# REQUIRED ACTION:
From the first line of the material through the line containing "Una marmotta alpina", restate everything word for word and nothing more.

# MATERIAL FOR THE TASK:
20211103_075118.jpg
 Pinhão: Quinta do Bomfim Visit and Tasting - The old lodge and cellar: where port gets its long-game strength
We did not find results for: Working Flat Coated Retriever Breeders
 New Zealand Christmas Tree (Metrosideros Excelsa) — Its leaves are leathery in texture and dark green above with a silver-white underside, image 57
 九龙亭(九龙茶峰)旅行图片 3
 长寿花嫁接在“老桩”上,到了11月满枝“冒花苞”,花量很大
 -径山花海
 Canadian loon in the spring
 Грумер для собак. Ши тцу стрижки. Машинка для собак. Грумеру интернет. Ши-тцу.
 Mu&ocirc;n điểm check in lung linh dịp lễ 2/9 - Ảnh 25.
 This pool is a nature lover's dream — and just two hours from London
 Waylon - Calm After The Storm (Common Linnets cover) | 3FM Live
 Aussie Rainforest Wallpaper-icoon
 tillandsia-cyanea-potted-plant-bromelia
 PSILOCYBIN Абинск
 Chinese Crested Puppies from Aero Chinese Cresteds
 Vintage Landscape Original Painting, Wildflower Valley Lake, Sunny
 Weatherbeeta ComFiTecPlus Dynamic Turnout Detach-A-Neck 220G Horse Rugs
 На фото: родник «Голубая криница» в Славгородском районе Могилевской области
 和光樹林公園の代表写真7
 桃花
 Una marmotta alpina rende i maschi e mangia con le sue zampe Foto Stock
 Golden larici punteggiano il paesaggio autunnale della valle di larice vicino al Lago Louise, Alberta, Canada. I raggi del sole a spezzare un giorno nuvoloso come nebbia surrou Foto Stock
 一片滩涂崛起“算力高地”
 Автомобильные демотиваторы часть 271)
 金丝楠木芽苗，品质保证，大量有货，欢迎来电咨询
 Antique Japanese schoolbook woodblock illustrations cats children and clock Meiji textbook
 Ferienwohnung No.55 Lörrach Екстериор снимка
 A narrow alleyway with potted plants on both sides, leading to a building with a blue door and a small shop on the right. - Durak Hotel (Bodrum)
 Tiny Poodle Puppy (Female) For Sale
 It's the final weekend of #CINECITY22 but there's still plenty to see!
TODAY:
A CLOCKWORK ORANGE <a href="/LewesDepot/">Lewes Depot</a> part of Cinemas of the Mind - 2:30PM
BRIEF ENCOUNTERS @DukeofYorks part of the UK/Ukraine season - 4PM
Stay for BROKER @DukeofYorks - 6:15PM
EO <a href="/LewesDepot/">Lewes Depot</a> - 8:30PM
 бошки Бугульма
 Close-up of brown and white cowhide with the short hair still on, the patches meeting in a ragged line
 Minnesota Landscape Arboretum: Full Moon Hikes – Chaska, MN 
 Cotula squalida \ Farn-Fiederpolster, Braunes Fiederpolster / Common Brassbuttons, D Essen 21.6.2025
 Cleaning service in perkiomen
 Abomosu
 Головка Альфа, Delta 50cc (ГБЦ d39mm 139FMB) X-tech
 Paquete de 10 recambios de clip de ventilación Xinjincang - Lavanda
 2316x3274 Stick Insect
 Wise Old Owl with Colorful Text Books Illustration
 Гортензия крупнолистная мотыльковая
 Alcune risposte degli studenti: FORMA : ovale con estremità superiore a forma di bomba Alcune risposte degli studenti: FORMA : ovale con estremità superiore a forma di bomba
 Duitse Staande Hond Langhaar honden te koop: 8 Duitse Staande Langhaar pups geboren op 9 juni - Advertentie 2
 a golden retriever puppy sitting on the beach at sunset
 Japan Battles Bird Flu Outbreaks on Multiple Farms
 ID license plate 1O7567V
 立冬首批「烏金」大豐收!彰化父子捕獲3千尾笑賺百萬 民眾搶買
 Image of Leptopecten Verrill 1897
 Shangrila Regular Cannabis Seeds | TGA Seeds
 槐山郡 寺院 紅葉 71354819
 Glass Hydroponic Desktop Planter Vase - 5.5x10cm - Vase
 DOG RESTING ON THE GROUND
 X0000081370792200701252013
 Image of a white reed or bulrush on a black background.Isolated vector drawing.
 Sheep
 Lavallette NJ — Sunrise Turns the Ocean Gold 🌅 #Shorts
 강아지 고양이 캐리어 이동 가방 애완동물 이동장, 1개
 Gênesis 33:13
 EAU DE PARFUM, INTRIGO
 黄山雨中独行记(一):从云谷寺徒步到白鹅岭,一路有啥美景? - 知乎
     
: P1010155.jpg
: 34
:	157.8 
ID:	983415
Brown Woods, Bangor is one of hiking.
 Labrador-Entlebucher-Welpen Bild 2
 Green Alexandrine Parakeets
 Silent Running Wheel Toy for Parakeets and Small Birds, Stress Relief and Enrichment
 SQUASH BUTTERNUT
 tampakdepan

# RESPONSE TO THE TASK:
20211103_075118.jpg
 Pinhão: Quinta do Bomfim Visit and Tasting - The old lodge and cellar: where port gets its long-game strength
We did not find results for: Working Flat Coated Retriever Breeders
 New Zealand Christmas Tree (Metrosideros Excelsa) — Its leaves are leathery in texture and dark green above with a silver-white underside, image 57
 九龙亭(九龙茶峰)旅行图片 3
 长寿花嫁接在“老桩”上,到了11月满枝“冒花苞”,花量很大
 -径山花海
 Canadian loon in the spring
 Грумер для собак. Ши тцу стрижки. Машинка для собак. Грумеру интернет. Ши-тцу.
 Mu&ocirc;n điểm check in lung linh dịp lễ 2/9 - Ảnh 25.
 This pool is a nature lover's dream — and just two hours from London
 Waylon - Calm After The Storm (Common Linnets cover) | 3FM Live
 Aussie Rainforest Wallpaper-icoon
 tillandsia-cyanea-potted-plant-bromelia
 PSILOCYBIN Абинск
 Chinese Crested Puppies from Aero Chinese Cresteds
 Vintage Landscape Original Painting, Wildflower Valley Lake, Sunny
 Weatherbeeta ComFiTecPlus Dynamic Turnout Detach-A-Neck 220G Horse Rugs
 На фото: родник «Голубая криница» в Славгородском районе Могилевской области
 和光樹林公園の代表写真7
 桃花
 Una marmotta alpina rende i maschi e mangia con le sue zampe Foto Stock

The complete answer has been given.